Vinho “Spotachio” vai da rejeição ao reconhecimento

Marca Família Ulian foi lançada em 2001

Por
Nereida Vergara

Às vezes para uma coisa dar certo, antes, ela precisa dar errado. Tal sabedoria foi assimilada na prática pelo vitivinicultor Vilmar Ulian, de Linha Oitenta, interior do município de Flores da Cunha, na região serrana do Rio Grande do Sul. A Família Ulian, que hoje tem um aconchegante paradouro para receber os turistas interessados em bons vinhos e boa comida, iniciou seu cultivo de uvas e elaboração de vinhos de mesa em 1964, pelas mãos de Idalino Ulian, pai de Vilmar. A marca Família Ulian foi lançada em 2001, com planos para a expansão de mercado e o ingresso posterior no segmento de vinhos finos. 

Pois lá no início da década de 2010, Vilmar, que já tinha uma venda consistente de seus vinhos na região, foi procurado por um amigo, dono de um restaurante, que lhe encomendou 600 garrafas de bebida. O agricultor preparou então, com capricho, um blend de uvas merlot e cabernet sauvignon, e levou para a degustação do cliente. Qual não foi sua decepção quando o amigo provou o vinho e usou para defini-lo uma palavra que na comunidade italiana tem significado quase ofensivo: spotachio. Pelo dicionário, spotachio significa algo irregular, mas para os descendentes dos imigrantes italianos resume aquilo que é "uma porcaria". Indignado, Vilmar voltou para casa e avisou que ninguém mexesse naquele vinho, que ia ficar lá na barrica, porque tinha estragado.

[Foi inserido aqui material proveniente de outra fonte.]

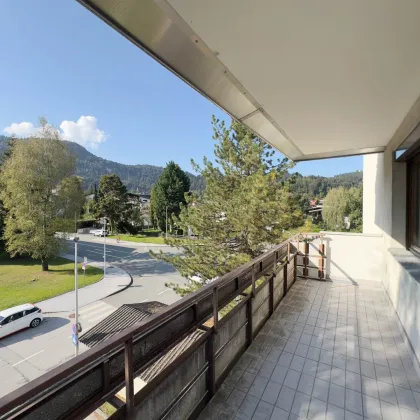 Sanierte 3-Zimmerwohnung mit Balkon in Kufstein-Zell zu kaufen - Bild 3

Passado mais de um ano e meio, Vilmar decidiu usar um jantar entre amigos para fazer uma experiência. Numa garrafa sem rótulo, serviu o vinho que havia sido mal avaliado e, aí, foi que tudo mudou. Todos, no encontro, inclusive o amigo aquele que havia encomendado as 600 garrafas, apreciaram muito a bebida servida sem identificação. "Bah Vilmar, mas que vinho bom, este aqui sim eu vou querer 100 garrafas", disse o dono do restaurante que havia irritado o filho de seu Idalino com seu comentário intempestivo. "Esse é aquele vinho que tu chamou de spotachio, e pra ti não vou vender", respondeu Vilmar. Mais tarde, já em casa, comentou com a esposa que ia engarrafar "a porcaria" e que ia inclusive dar como nome o termo em italiano.

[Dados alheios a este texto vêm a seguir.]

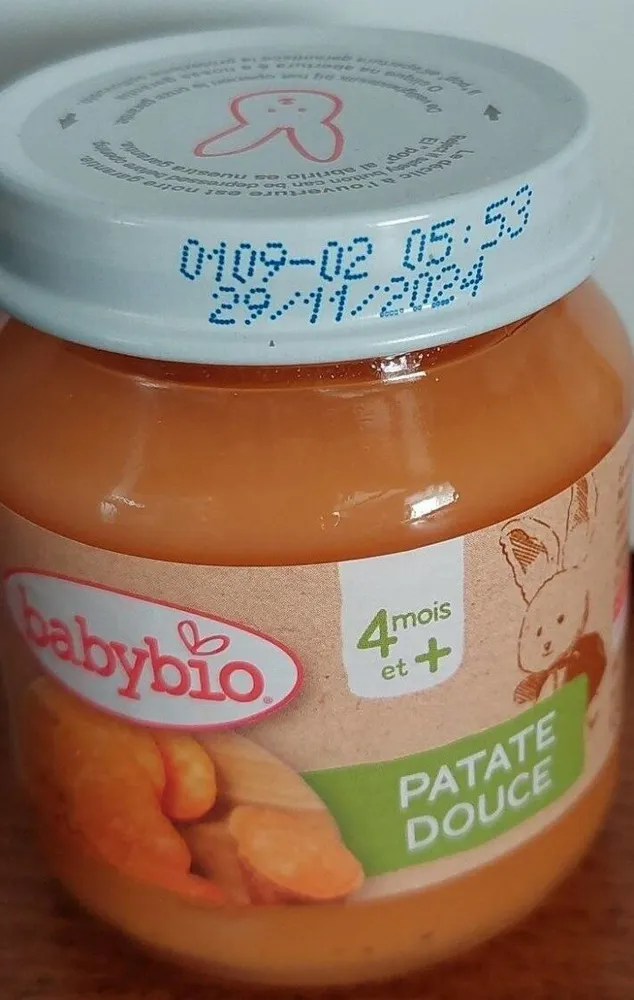 Babybio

Hoje, Spotachio é o rótulo mais valorizado da Família Ulian, ganhou adeptos bem além de Flores da Cunha e é comercializado por volta de R$ 200,00 a garrafa. Eduardo Ulian, que desde 2021 junto com a irmã, Carla, toca os negócios da vinícola, afirma que a história toda foi um aprendizado sobre o tempo que cada vinho e cada uva precisa para dar o melhor resultado. Segundo ele, que está prestes a se graduar em enologia, "gringo não perde, aprende com a derrota".

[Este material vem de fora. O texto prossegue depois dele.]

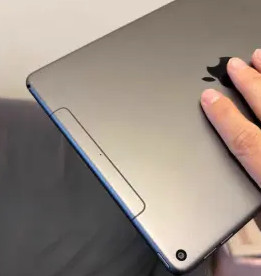 國行插卡iPad2022蘋果iPad
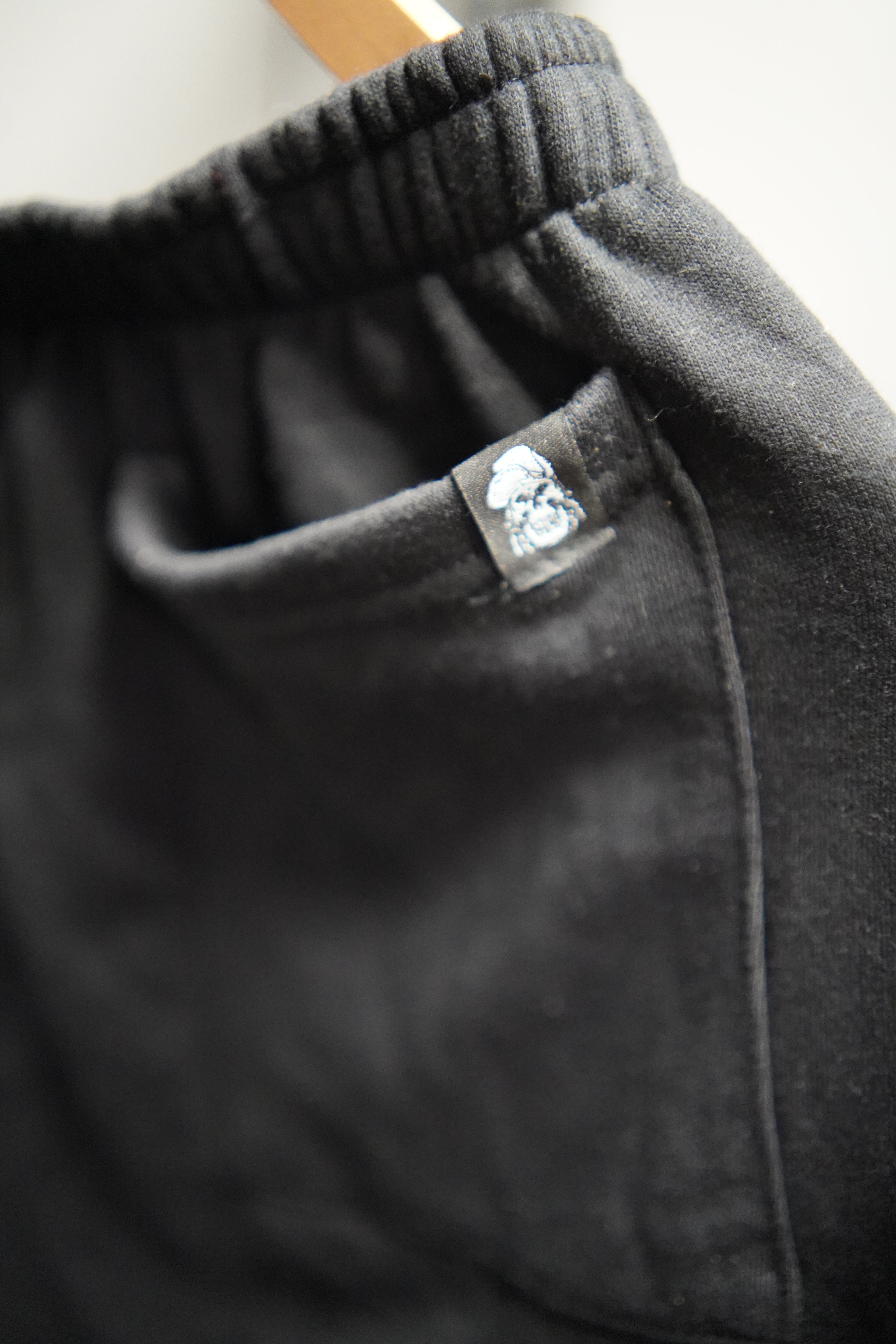 Shorts Casual Cottom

A história foi contada pelo próprio Vilmar, no dia de visitas às vinícolas de Flores da Cunha promovido pela Associação dos Produtores de Vinhos de Altos Montes (Apromontes), em 15 de julho. A entidade congrega na região 18 estabelecimentos de Flores da Cunha e Nova Pádua. A produção dos Altos Montes em 2023 deve chegar a 6,5 milhões de garrafas de vinhos finos e espumantes, com uvas provenientes de 115 hectares de vinhedos. No roteiro, foram visitadas as vinícolas Família Ulian, Luiz Argenta, Cantina Gerlain e Monte Reale.